§ INPUT DATA
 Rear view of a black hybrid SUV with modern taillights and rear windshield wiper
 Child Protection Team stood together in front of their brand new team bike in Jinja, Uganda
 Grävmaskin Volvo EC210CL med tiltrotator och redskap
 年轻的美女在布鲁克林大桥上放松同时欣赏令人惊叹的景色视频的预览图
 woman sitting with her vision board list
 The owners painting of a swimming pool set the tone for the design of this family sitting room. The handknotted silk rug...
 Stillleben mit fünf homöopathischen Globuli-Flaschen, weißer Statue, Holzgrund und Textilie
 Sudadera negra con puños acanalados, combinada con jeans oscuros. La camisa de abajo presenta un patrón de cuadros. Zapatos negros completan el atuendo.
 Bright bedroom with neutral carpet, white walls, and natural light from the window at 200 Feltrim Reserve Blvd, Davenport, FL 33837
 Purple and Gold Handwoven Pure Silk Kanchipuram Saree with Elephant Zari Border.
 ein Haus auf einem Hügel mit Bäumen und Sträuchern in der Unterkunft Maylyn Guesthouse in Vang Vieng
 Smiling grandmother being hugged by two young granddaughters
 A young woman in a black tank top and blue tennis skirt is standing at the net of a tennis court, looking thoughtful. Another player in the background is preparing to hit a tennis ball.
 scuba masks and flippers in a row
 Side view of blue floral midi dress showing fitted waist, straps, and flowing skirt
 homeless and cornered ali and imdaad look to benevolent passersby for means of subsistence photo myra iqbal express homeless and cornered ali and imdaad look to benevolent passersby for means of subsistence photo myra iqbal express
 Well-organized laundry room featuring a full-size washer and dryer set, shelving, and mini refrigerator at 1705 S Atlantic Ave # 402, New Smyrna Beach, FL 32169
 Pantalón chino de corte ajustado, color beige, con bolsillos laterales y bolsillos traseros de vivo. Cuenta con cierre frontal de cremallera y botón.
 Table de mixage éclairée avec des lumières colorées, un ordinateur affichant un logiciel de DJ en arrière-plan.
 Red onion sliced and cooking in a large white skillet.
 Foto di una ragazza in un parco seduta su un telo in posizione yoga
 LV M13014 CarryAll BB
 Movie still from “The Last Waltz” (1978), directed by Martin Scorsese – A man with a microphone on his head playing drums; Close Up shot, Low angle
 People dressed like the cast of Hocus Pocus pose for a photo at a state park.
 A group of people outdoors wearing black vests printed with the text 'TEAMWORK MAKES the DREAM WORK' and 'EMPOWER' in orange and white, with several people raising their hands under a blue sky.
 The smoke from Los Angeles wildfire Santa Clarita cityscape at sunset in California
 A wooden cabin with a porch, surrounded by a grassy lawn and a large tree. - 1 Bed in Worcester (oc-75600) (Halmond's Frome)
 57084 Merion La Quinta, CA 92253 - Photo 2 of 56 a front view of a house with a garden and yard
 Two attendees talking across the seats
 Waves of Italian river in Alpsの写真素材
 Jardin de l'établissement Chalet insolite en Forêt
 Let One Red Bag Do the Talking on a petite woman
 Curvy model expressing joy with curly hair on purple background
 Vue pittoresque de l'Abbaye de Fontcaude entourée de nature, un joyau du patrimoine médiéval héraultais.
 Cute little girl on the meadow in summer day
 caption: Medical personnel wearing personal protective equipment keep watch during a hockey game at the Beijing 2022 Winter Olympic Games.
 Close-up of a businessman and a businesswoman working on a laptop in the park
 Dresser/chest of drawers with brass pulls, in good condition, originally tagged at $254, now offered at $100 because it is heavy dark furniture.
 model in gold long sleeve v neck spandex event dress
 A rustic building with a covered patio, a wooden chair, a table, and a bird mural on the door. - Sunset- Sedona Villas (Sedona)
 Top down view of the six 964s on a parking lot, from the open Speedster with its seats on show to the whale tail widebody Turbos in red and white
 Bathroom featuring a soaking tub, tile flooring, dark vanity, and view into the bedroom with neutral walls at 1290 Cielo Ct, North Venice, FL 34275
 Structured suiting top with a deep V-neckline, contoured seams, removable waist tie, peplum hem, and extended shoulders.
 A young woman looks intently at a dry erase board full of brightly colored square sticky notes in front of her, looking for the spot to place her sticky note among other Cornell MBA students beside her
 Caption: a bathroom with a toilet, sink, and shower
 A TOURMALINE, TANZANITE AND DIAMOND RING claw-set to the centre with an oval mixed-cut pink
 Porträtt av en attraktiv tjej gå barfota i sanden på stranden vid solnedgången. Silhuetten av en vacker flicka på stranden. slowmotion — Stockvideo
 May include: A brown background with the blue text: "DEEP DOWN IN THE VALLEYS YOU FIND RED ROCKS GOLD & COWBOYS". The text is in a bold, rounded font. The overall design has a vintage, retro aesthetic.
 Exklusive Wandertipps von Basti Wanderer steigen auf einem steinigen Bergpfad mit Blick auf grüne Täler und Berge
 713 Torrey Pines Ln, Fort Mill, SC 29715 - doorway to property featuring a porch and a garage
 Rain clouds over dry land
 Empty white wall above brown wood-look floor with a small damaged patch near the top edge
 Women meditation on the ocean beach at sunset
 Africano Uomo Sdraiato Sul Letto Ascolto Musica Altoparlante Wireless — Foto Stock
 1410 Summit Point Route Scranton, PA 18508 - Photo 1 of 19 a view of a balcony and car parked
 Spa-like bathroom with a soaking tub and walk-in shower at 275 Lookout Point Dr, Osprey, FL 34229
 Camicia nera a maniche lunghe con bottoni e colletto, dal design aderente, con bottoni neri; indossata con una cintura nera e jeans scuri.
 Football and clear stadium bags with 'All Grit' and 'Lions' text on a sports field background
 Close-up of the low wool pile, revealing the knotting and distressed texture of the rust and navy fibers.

§ REQUIRED WORK
For this task, write out exactly the lines of the entries above, starting at the line with "woman sitting with her vision board list" and ending at the line with "iqbal express homeless", both included, and no others.

§ TASK SOLUTION
 woman sitting with her vision board list
 The owners painting of a swimming pool set the tone for the design of this family sitting room. The handknotted silk rug...
 Stillleben mit fünf homöopathischen Globuli-Flaschen, weißer Statue, Holzgrund und Textilie
 Sudadera negra con puños acanalados, combinada con jeans oscuros. La camisa de abajo presenta un patrón de cuadros. Zapatos negros completan el atuendo.
 Bright bedroom with neutral carpet, white walls, and natural light from the window at 200 Feltrim Reserve Blvd, Davenport, FL 33837
 Purple and Gold Handwoven Pure Silk Kanchipuram Saree with Elephant Zari Border.
 ein Haus auf einem Hügel mit Bäumen und Sträuchern in der Unterkunft Maylyn Guesthouse in Vang Vieng
 Smiling grandmother being hugged by two young granddaughters
 A young woman in a black tank top and blue tennis skirt is standing at the net of a tennis court, looking thoughtful. Another player in the background is preparing to hit a tennis ball.
 scuba masks and flippers in a row
 Side view of blue floral midi dress showing fitted waist, straps, and flowing skirt
 homeless and cornered ali and imdaad look to benevolent passersby for means of subsistence photo myra iqbal express homeless and cornered ali and imdaad look to benevolent passersby for means of subsistence photo myra iqbal express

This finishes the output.